To further examine this hypothesis, a key question concerns the proportion of AMPK in the cell that is bound to glycogen. Although the GBD clearly causes AMPK to bind to glycogen in intact cells, to date this has only been examined in cultured cells in which AMPK has been overexpressed and where glycogen deposits of abnormal size are formed. Indeed, it has been reported that following purification of α particles of glycogen from liver under gentle extraction conditions, no endogenous AMPK could be detected (Parker et al. 2007).
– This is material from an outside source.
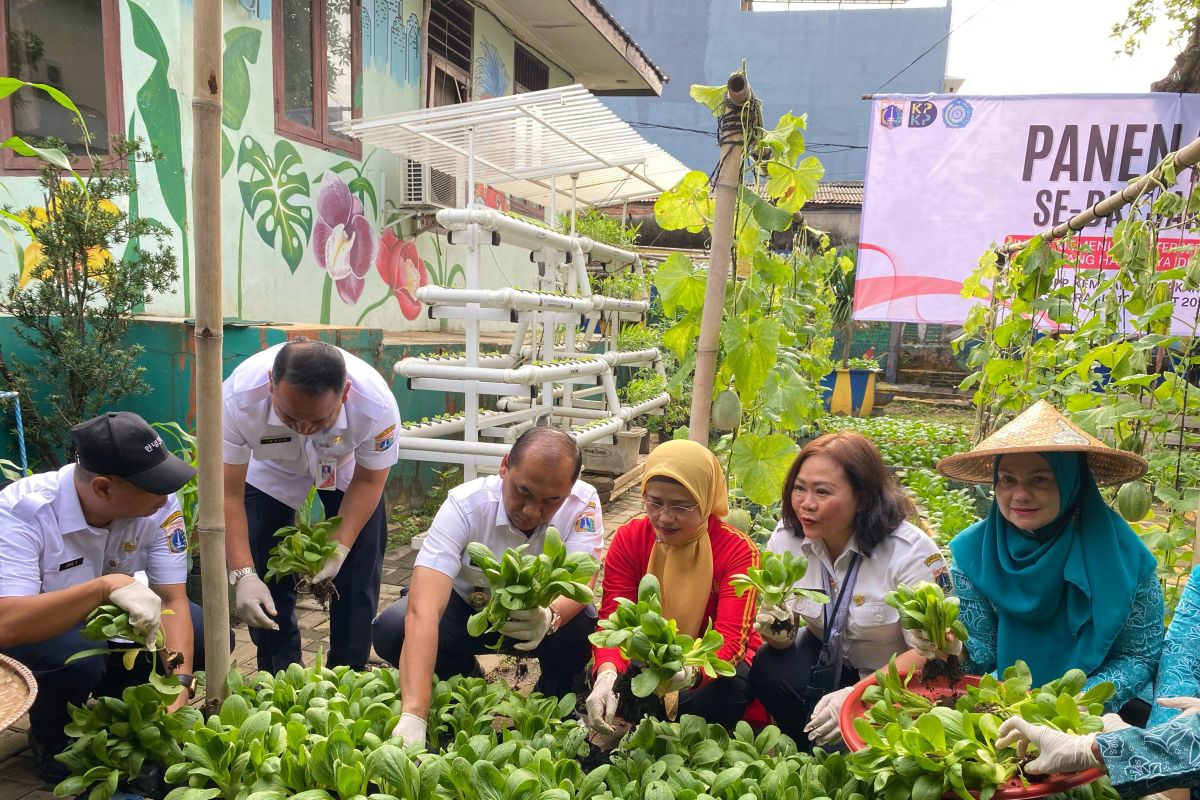 Jakbar panen ratusan kilogram ikan dan sayuran di 30 lokasi
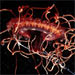Zooplankton Ecology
We have, herein, examined the association of AMPK α and β subunits with glycogen α rosettes in liver cells of normal fed rats, using in situ molecular morphology. This has allowed us to demonstrate that both types of subunits are associated with glycogen particles in situ. However, in keeping with the presence of the GBD domain on the β subunit, its association with glycogen is stronger and/or more stable. Furthermore, by using the quantitative morphometrical approach, we were also able to establish that the binding of the β subunit takes place at the edge of the glycogen rosette, a result consistent with the hypothesis that a significant proportion of AMPK may be bound to the non-reducing ends at the surface of glycogen particles (McBride et al. 2009).

Materials and Methods

Tissue Processing

One-month-old male Sprague Dawley rats weighing 100 g were obtained from Charles River Co. (St-Constant, QC, Canada). Animals were fed ad libitum and handled following the guidelines of the Canadian Council of Animal Care. Small pieces of liver tissue were sampled from the anesthetized animals (urethane, 1 g/kg body weight) and processed for electron microscopy. Tissue samples were fixed by immersion in 0.1 M phosphatebuffered (pH 7.2) 1% glutaraldehyde or in a fixative solution derived from Karnovsky (1965), as reported by Simionescu et al. (1972), composed of 5% glutaraldehyde plus 3% paraformaldehyde in 0.1 M phosphate buffer (pH 7.2) at 4C for 2 hr, followed by a 1 hr postfixation with a solution of 1% osmium tetroxide and a saturated solution of lead citrate in 0.1 M phosphate buffer. This fixation protocol was reported to be particularly useful for preserving polysaccharide particles in tissues with an enhanced contrast to all cellular structures (Simionescu et al. 1972). Some samples of the glutaraldehyde-fixed tissues were dehydrated in methanol and embedded in Lowicryl at −30C according to techniques particularly appropriate for immunocytochemistry (Bendayan 1995). All other tissues were dehydrated in graded ethanol and embedded in Epon (Luft 1961) according to standard procedures.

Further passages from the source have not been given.